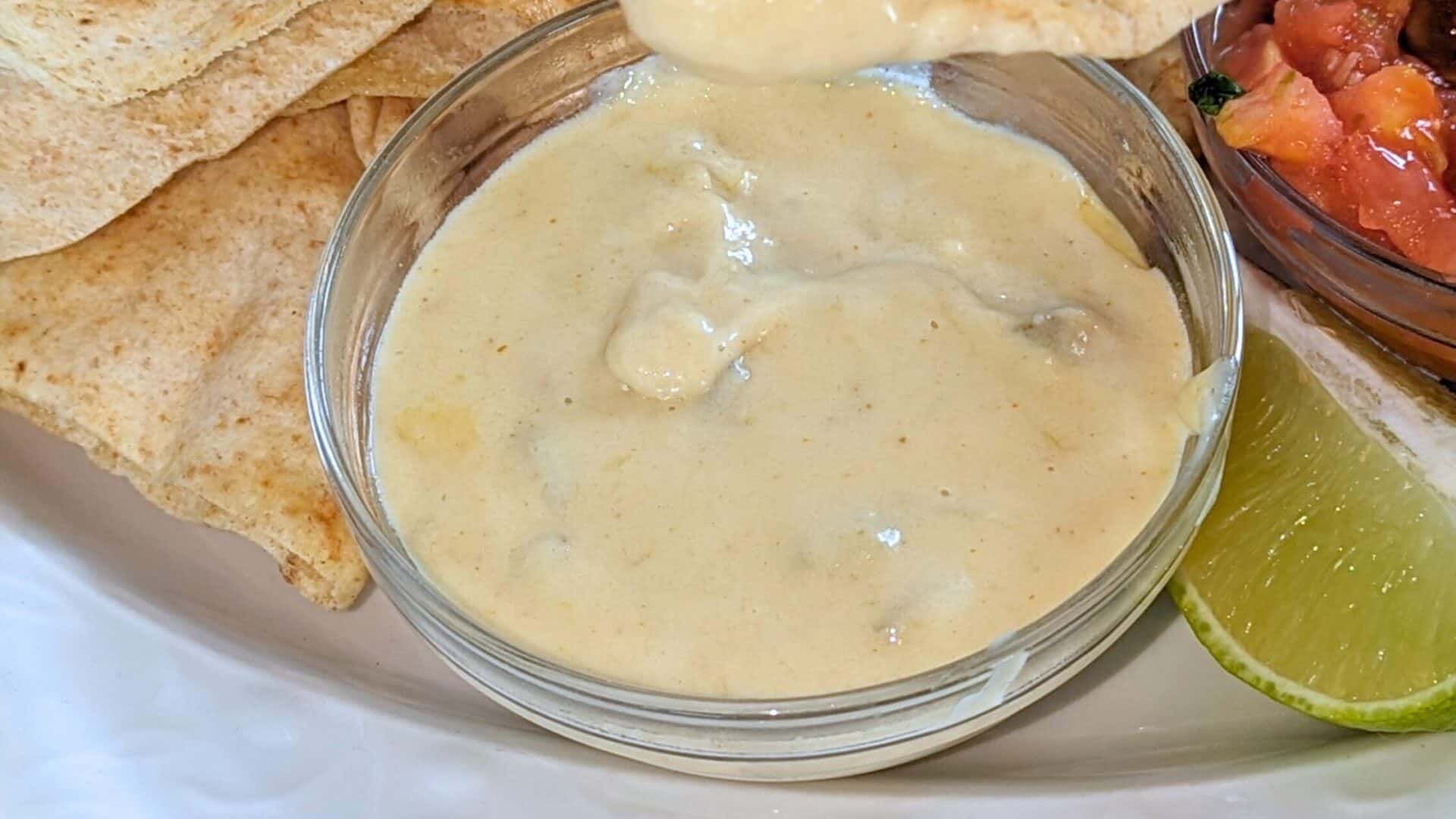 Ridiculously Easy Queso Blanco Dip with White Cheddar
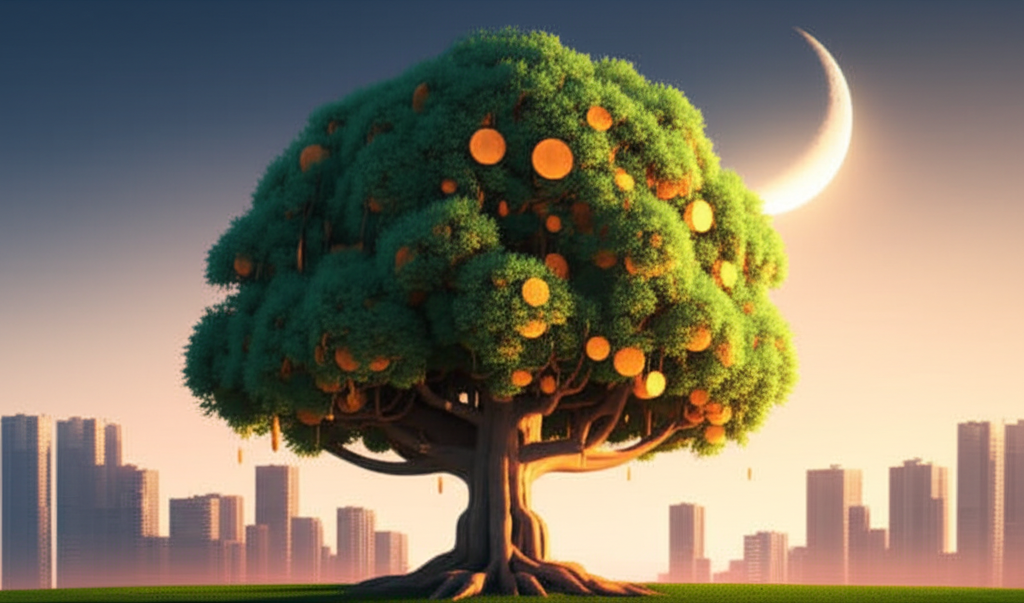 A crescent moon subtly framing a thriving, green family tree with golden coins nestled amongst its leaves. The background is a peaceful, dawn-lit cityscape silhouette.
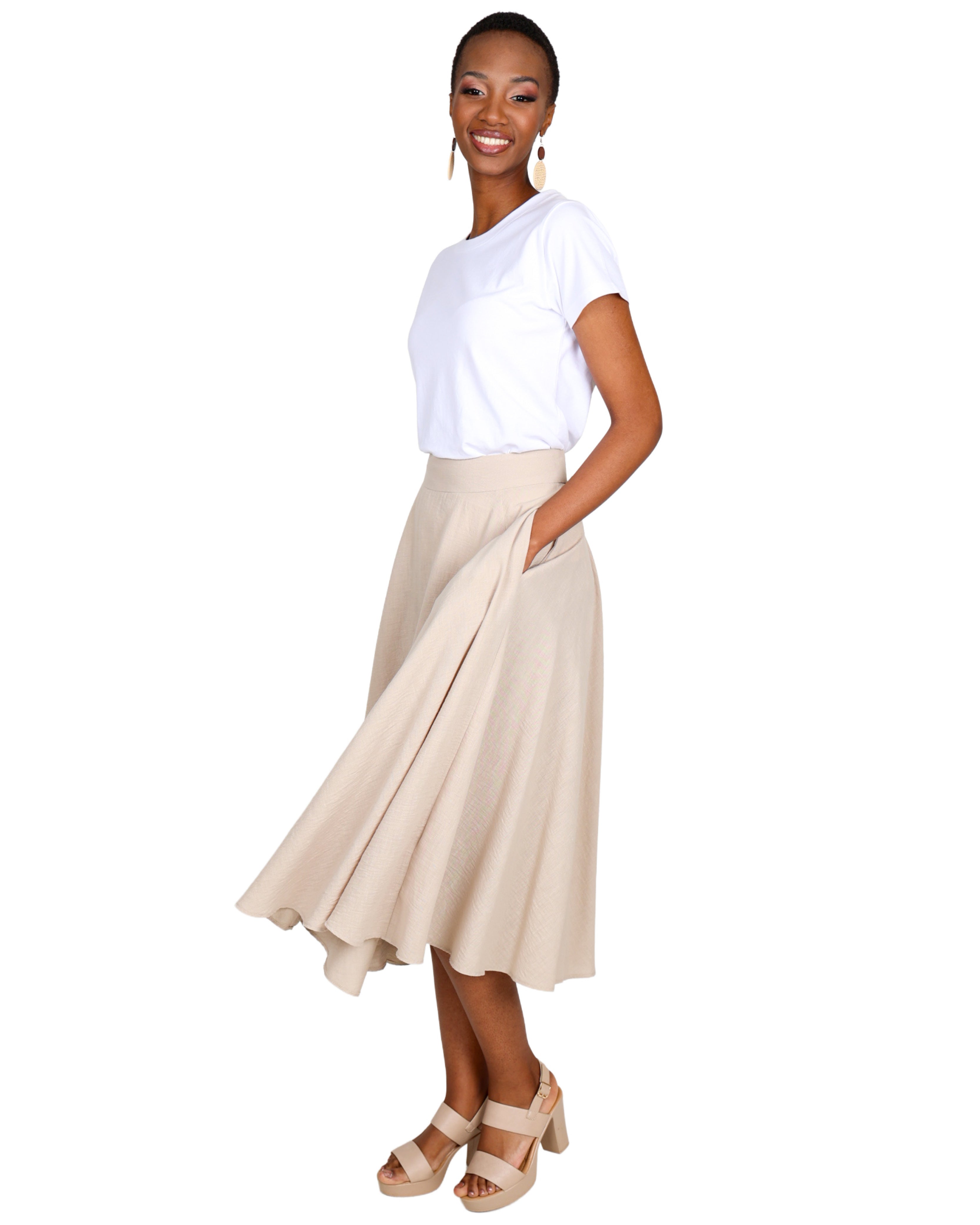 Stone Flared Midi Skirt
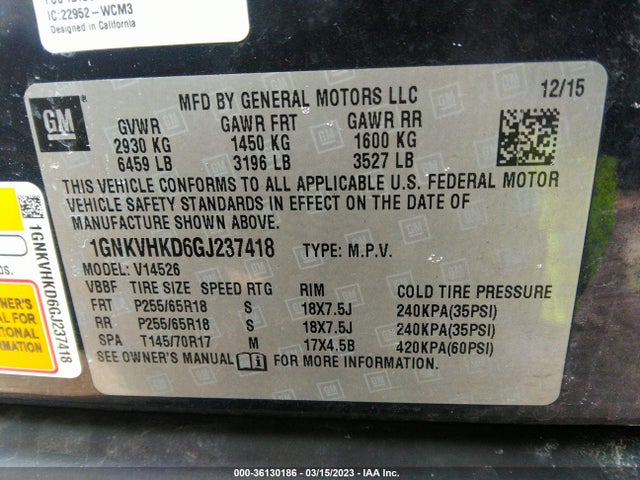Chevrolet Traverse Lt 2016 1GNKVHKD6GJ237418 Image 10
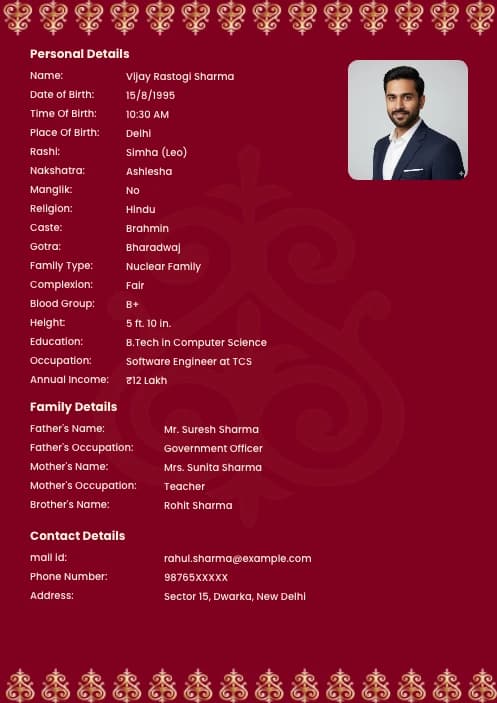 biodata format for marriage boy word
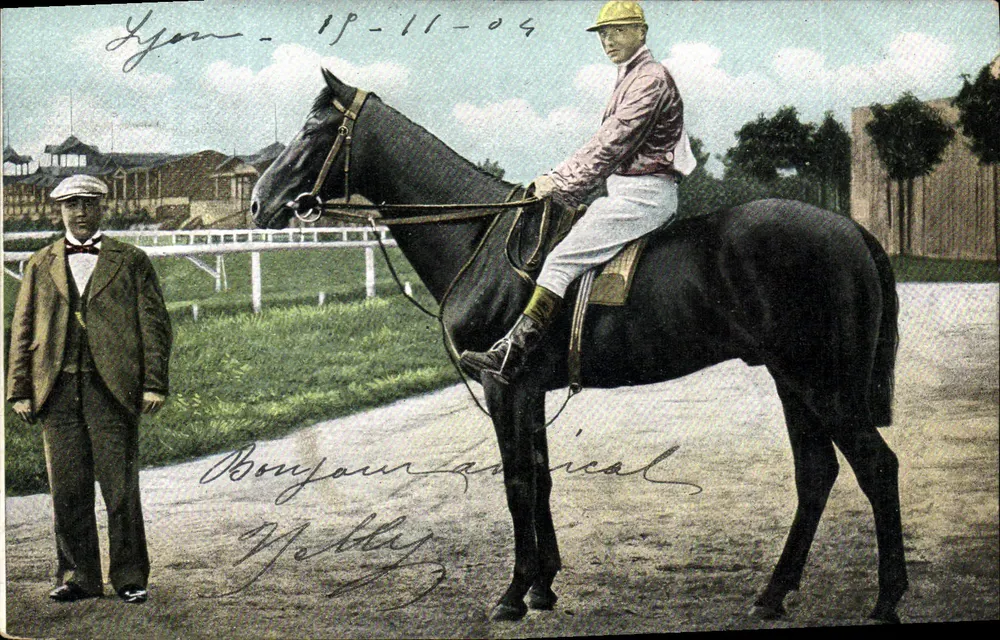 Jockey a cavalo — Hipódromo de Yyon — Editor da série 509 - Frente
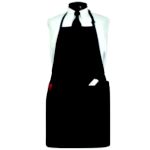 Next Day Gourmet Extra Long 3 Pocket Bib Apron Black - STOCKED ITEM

+ + + +

*Requirement*.
Would you copy out the data exactly, leaving every picture out?

*Answer area*.
 Ridiculously Easy Queso Blanco Dip with White Cheddar
 A crescent moon subtly framing a thriving, green family tree with golden coins nestled amongst its leaves. The background is a peaceful, dawn-lit cityscape silhouette.
 Stone Flared Midi Skirt
Chevrolet Traverse Lt 2016 1GNKVHKD6GJ237418 Image 10
 biodata format for marriage boy word
 Jockey a cavalo — Hipódromo de Yyon — Editor da série 509 - Frente
 Next Day Gourmet Extra Long 3 Pocket Bib Apron Black - STOCKED ITEM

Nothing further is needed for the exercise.